[EM] Condorcet question - why not bullet vote

Jameson Quinn jameson.quinn at gmail.com
Wed Jun 16 11:57:23 PDT 2010


2010/6/16 robert bristow-johnson <rbj at audioimagination.com>

>
> On Jun 16, 2010, at 1:30 PM, Peter Zbornik wrote:
>
>  Dear all, dear Markus Schulze,
>>
>> I got a second question from one of our members (actually the same guy
>> which asked for the first time):
>> If I just bullet vote in a Condorcet election, then I increase the chances
>> of my candidate being elected?
>>
>
> If there is a Condorcet Winner (CW), the answer is "no".  If there is no
> CW, then we have a "Condorcet paradox" or a "cycle" where Candidate Rock
> beats Candidate Scissors, Candidate Scissors beats Candidate Paper, and
> Candidate Paper beats Candidate Rock.  Then I won't say whether the answer
> is "no" for sure, but I am still convinced that cycles are rare and that a
> method like Schulze or Ranked Pairs resolves the cycles meaningfully.

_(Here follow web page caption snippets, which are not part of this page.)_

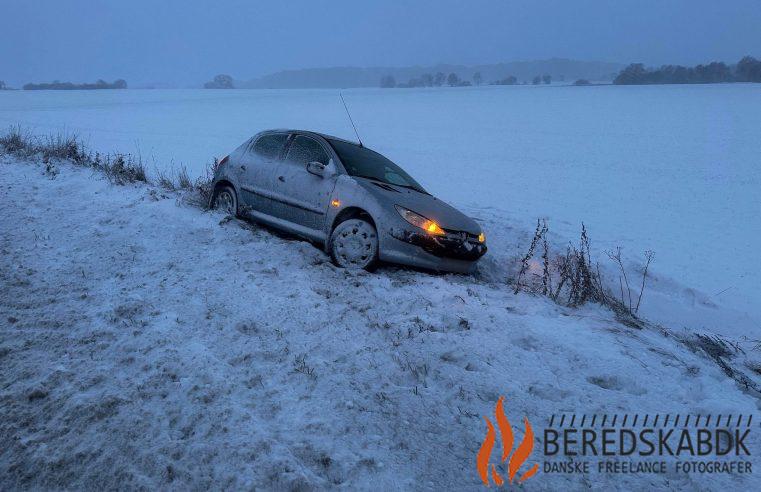 30/11-23 Uheld på Tindbækvej: Bil Endte i Grøft på Grund af Glatføre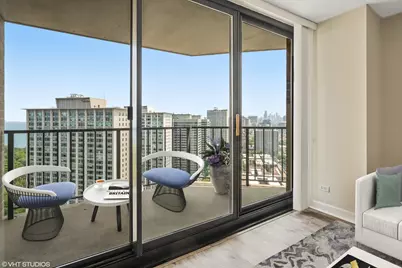 3660 N Lake Shore Drive #2703, Chicago, IL 60613 - Photo 4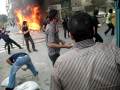 Protesters setting up barricade against Basij in Tehran 06/20/09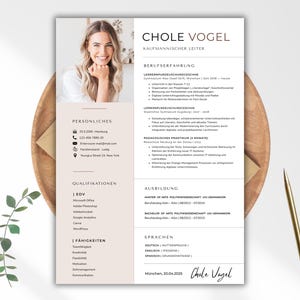 Peut inclure: Un mod&egrave;le de CV professionnel avec une photo d'une femme souriante. Le CV comprend des sections pour les informations personnelles, les qualifications et l'exp&eacute;rience. Le document est en noir et beige, avec un stylo dor&eacute; et une plante sur un plateau en bois.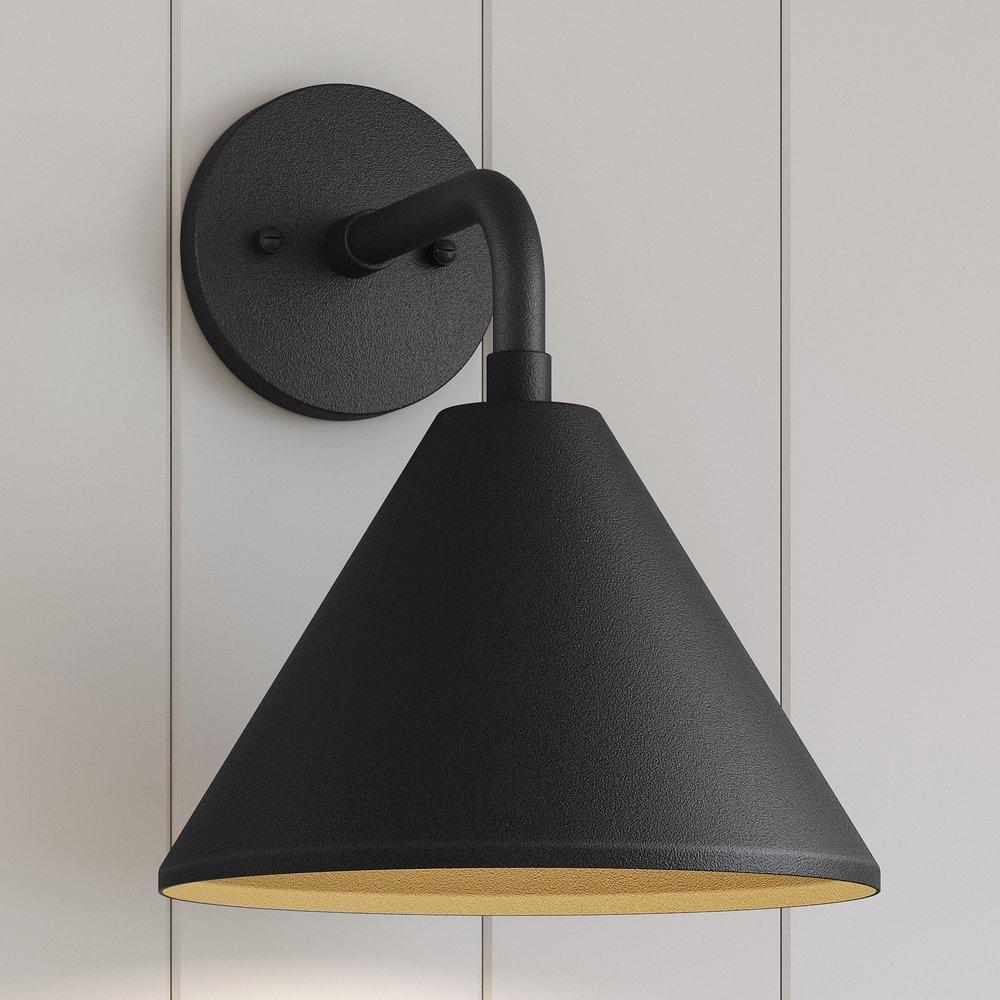1-Light Outdoor Wall Sconce in Textured Black 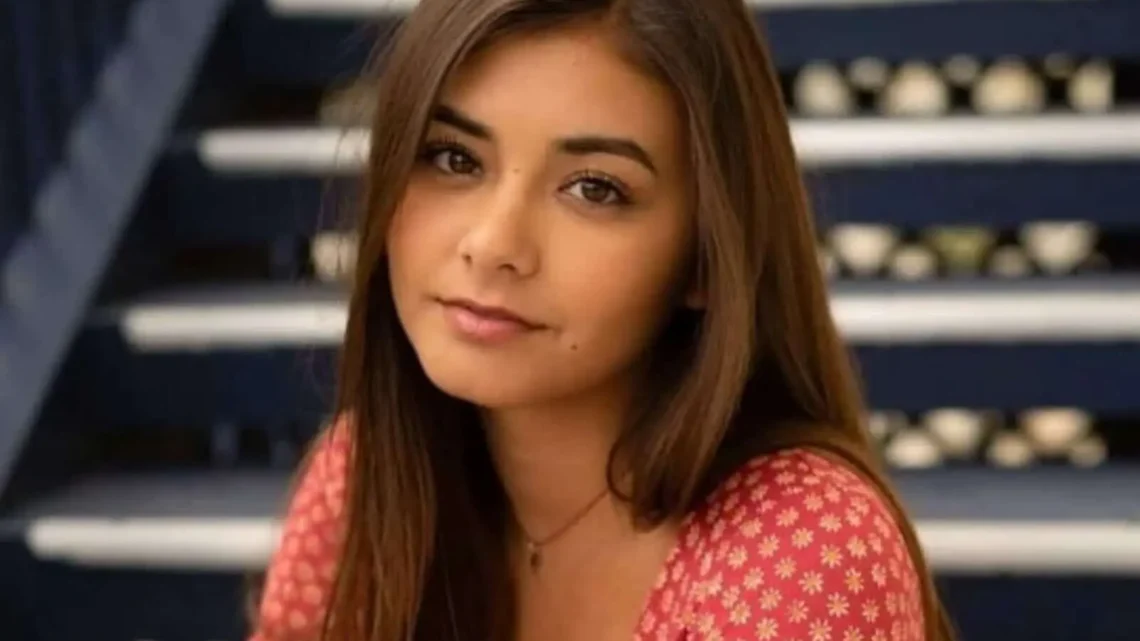 Mia Hayward Biography: Age, Boyfriend, Net Worth, Boyfriend, Birthday, Height, Movies, Siblings, Parents, Family, Wikipedia, YouTube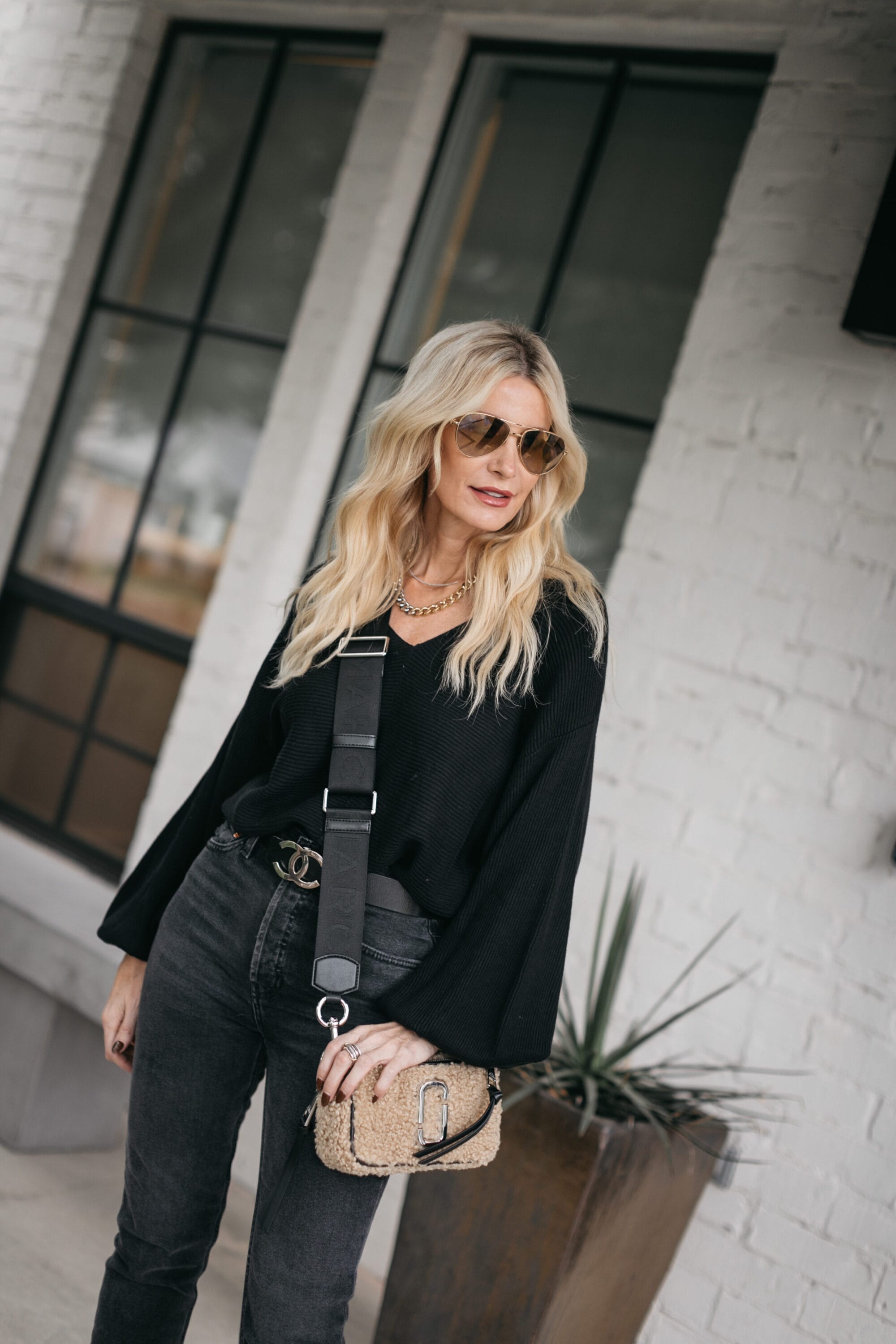 Dallas blogger wearing a shearling crossbody bag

Would that it were this easy. But there could be an honest CW, and bullet
voting creates an artificial cycle.

Simple case:
40 C>B>A
30 B>A>C
30 A>B>C

B is the clear CW: wins 60/40 against C, and 70/30 against B. But if the A
voters bullet vote, then there is a Condorcet cycle, because now B loses
30/40 against C.

Some tiebreaking methods deal with this situation better than others. But if
they twist themselves up in enough knots to avoid this problem, then they
give results which are very hard to defend if half the A voters were really
A>C>B voters who truncated lazily.

Anyway, you cannot give simple guarantees like the one you stated above.